DavidW comments on Deceptive Alignment

DavidW 13 Mar 2023 13:32 UTC
1 point
0
Corrigible alignment seems to require already having a model of the base objective. For corrigible alignment to be beneficial from the perspective of the base optimizer, the mesa-optimizer has to already have some model of the base objective to “point to.”
Likely TAI training scenarios include information about the base objective in the input. A corrigibly-aligned model could learn to infer the base objective and optimize for that.
However, once a mesa-optimizer has a model of the base objective, it is likely to become deceptively aligned—at least as long as it also meets the other conditions for deceptive alignment. Once a mesa-optimizer becomes deceptive, it will remove most of the incentive for corrigible alignment, however, as deceptively aligned optimizers will also behave corrigibly with respect to the base objective, albeit only for instrumental reasons.

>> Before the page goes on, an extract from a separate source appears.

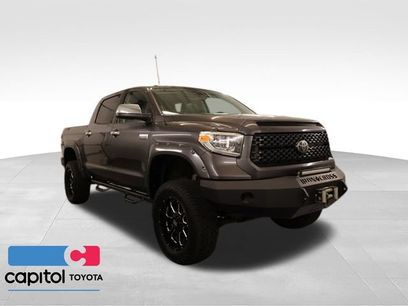 Used 2018 Toyota Tundra Platinum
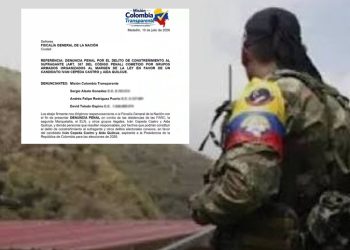 Presentan denuncia penal contra disidencias de las Farc y el ELN por presunto constreñimiento al sufragante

A model needs situational awareness, a long-term goal, a way to tell if it’s in training, and a way to identify the base goal that isn’t its internal goal to become deceptively aligned. To become corrigibly aligned, all the model has to do is be able to infer the training objective, and then point at that. The latter scenario seems much more likely.
Because we will likely start with something that includes a pre-trained language model, the research process will almost certainly include a direct description of the base goal. It would be weird for a model to develop all of the prerequisites of deceptive alignment before it infers the clearly described base goal and learns to optimize for that. The key concepts should already exist from pre-training.